In the real world, datasets can be massive, noisy, have missing values, biased, or insufficient for analysis.
Attribute
Also called feature and column. These represent characteristics of instances.
Instance
Also called example and row. These are sets of values, one for each attribute.
Attribute Types
Numeric, Nominal, Ordinal, Cardinal, Interval, Dichotomous.
Data Preparation
This involves assembly integration, cleaning, and transformation of the data for analysis.
Feature Engineering
The process of transforming raw data by selecting the most suitable attributes for data mining problems to be solved.
Classification Rule
This involves using an if-then rule to have the antecedent as a condition and a consequent as the resulting action or categorisation.
Classification
This is a type of data mining task where instances are assigned class labels. It’s a supervised learning task, as labelled training data is required to create classification rules and methods.
Regression
It’s a type of classification without discrete classes. Regression is considered a supervised method, as the actual values of the training data need to be known to make predicted values for the test or validation data.
Clustering
This is an unsupervised learning method that assigns data into clusters based on how similar they are. Often distance metrics are used to assign data points into clusters.
Association Rule
This is a method that doesn’t involve specific classes or labels. It involves looking at combinations of antecedents and consequents to see if the antecedent is a strong predictor for the consequent to appear.
Process of Data Mining
- Objective Specification: define the data mining problem type (supervised, unsupervised).
- Data Exploration: visualise the data and confirm that the objective can be achieved with the dataset.
- Data Cleaning: fix any problems with the data and confirm there’s enough data for the analysis.
- Model Building: select and construct an appropriate model for the data. The data types of the attributes must be considered.
- Model Evaluation: calculate and measure the performance of the model in its accuracy and ability to generalise to new data. Overfitting must be avoided.
- Repeat: data mining is iterative and some steps or sequences of steps need to be repeated.
Decision Table
This table shows which actions to perform based on the given conditions. It has a set of attributes and a decision label for each unique set of attribute values. These tables must be exhaustive.
Decision Tree
The nodes are specific decisions, usually binary, and the branches represent the possible alternatives. The very top node is the root node. The terminal nodes are leaves.
Missing Value Problem
For decision trees, it’s unclear what to do if the attribute value is missing.

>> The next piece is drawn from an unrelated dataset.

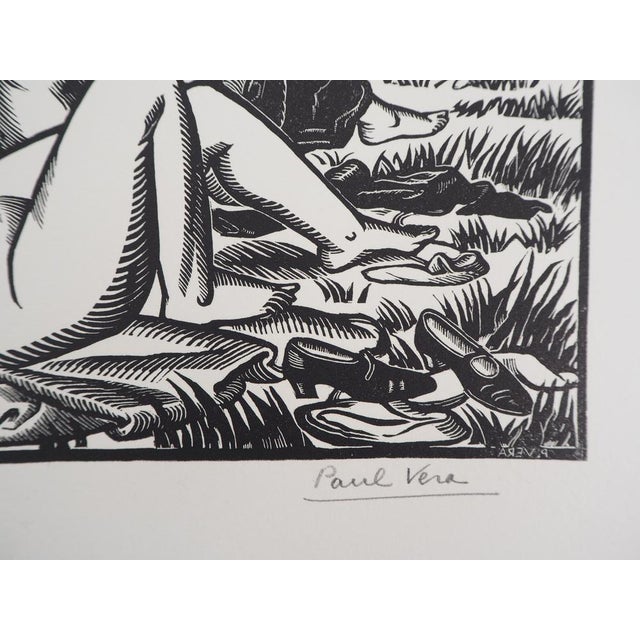 Paul VERA Bathers, 1928 Original engraved wood Signed in pencil Numbered /160 copies On vellum 32.5 x 25.5 cm Published...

Possible solutions include ignoring all instances with missing values, setting the most popular choice to fill in the missing values, and making probabilistic choices for each missing value based on the other instances.
Function Tree
Each node has a function of multiple attribute values.
Regression Tree
These trees predict numerical values, with each node having branches on values of attributes or values of functions of attributes. The leaves are predicted values for the corresponding instance.
Model Trees
A regression equation predicts numeric output values in each leaf. It’s more complex than linear regression and regression trees.
Learning Rule
By adding new rules and refining existing rules while more instances are added to the training set, conjunctive clauses may be added to an existing antecedent for a classification or association rule.
Linear Model
They compute weighted sums of attribute values, with all attribute values being numeric.
Instance-Based Representations
Instances are memorised, with new data inputs measuring distances to instances. The instance with the lowest distance is then returned as the output. Good for tasks that involve matching inputs with an existing database. A model doesn’t need to be computed.
Hamming Distance
Used for measuring instances with nominal attributes. For each attribute, the distance is 0 if there’s a match and 1 if there isn’t a match.